Mass. high court rules that special magistrates can’t free convicts affected by drug lab scandal
The state’s highest court has ruled that special magistrates appointed by the state courts do not have the authority to free convicts who claim that their cases were tainted by the state drug lab scandal.
“A special magistrate ... does not have such authority,” the Supreme Judicial Court said in a ruling today.
As of March, the magistrates had conducted more than 900 hearings. In a “substantial number” of those cases, the defendants sought to stay the execution of their sentences, the court said.
At the same time, the court affirmed in a unanimous opinion written by Justice Francis X. Spina that judges do have the power to release the convicts.

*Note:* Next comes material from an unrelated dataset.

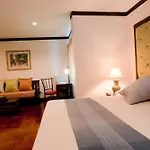 Cucumber Inn Suite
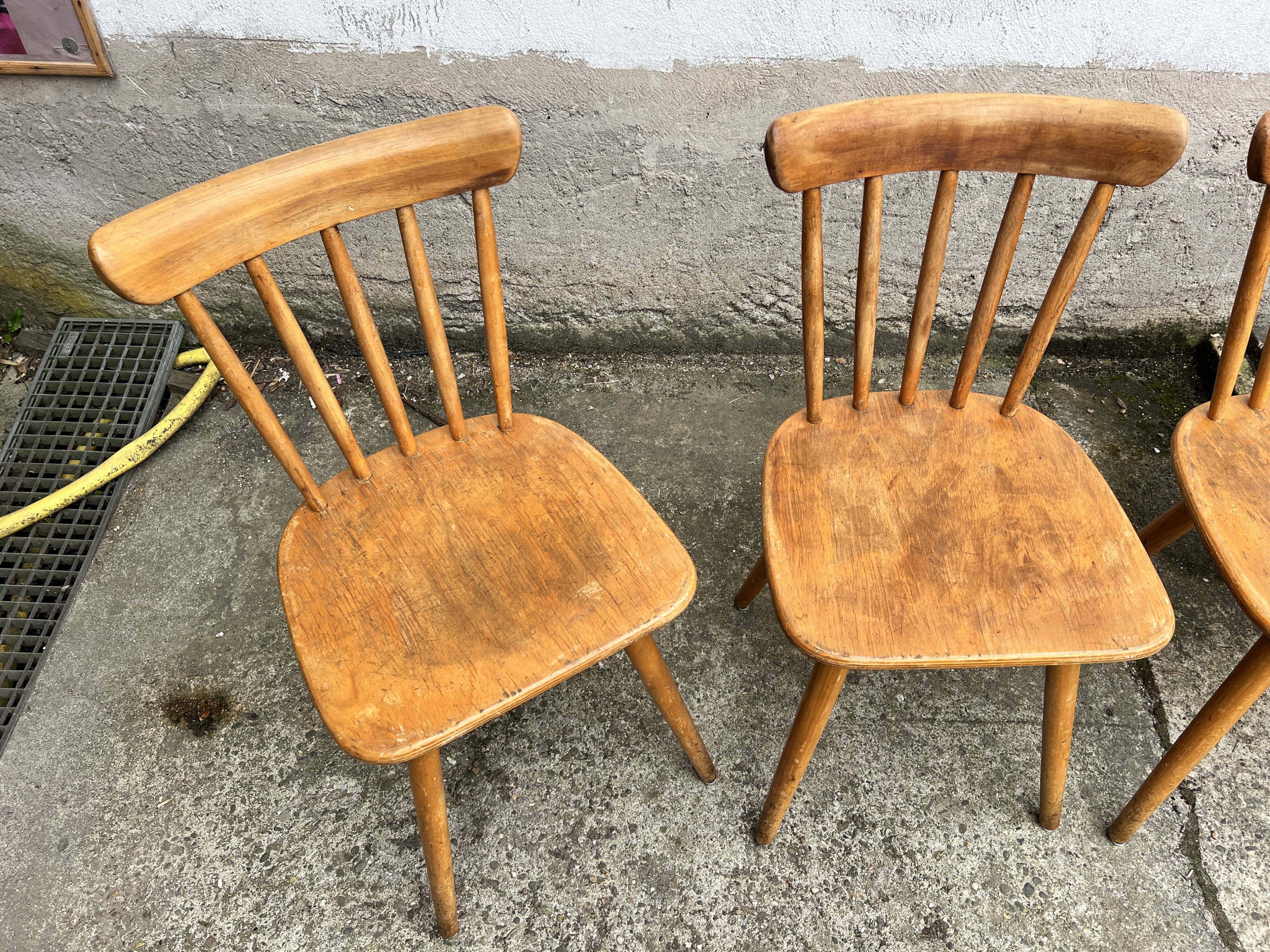 Set of 8 vintage bistro chairs – Warm stained wood – Compass legs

Matthew Segal, legal director for the ACLU of Massachusetts, said the decision marked a “complete rejection” of the Essex County district attorney’s office attempt to challenge the special legal framework set up to handle cases affected by the scandal.
The court ruled that “exceptional circumstances” allowed judges to stay sentences in the cases.
“Given the ongoing investigation of misconduct at the Hinton drug lab and the uncertainty about when such investigation will be completed, the interest of justice is not served by the continued imprisonment of a defendant who may be entitled to a new trial,” the ruling stated.
Segal said he hoped the ruling would prompt judges to toss convictions that may have been won with tainted evidence.
“My hope is that courts will look at this opinion and see reasons for granting new trials,” he said.
Prosecutors were reviewing the decision this morning.
Essex County prosecutors had argued that the magistrates could not free the defendants while their motions for new trials were pending.
Defense lawyers and the Superior Court had insisted that the magistrates had the power because of the extraordinary problems raised by the drug lab scandal. Former state chemist Annie Dookhan allegedly falsified or mishandled thousands of suspected drug samples during her tenure at a now-shuttered state lab in Jamaica Plain, which has thrown tens of thousands of cases into doubt.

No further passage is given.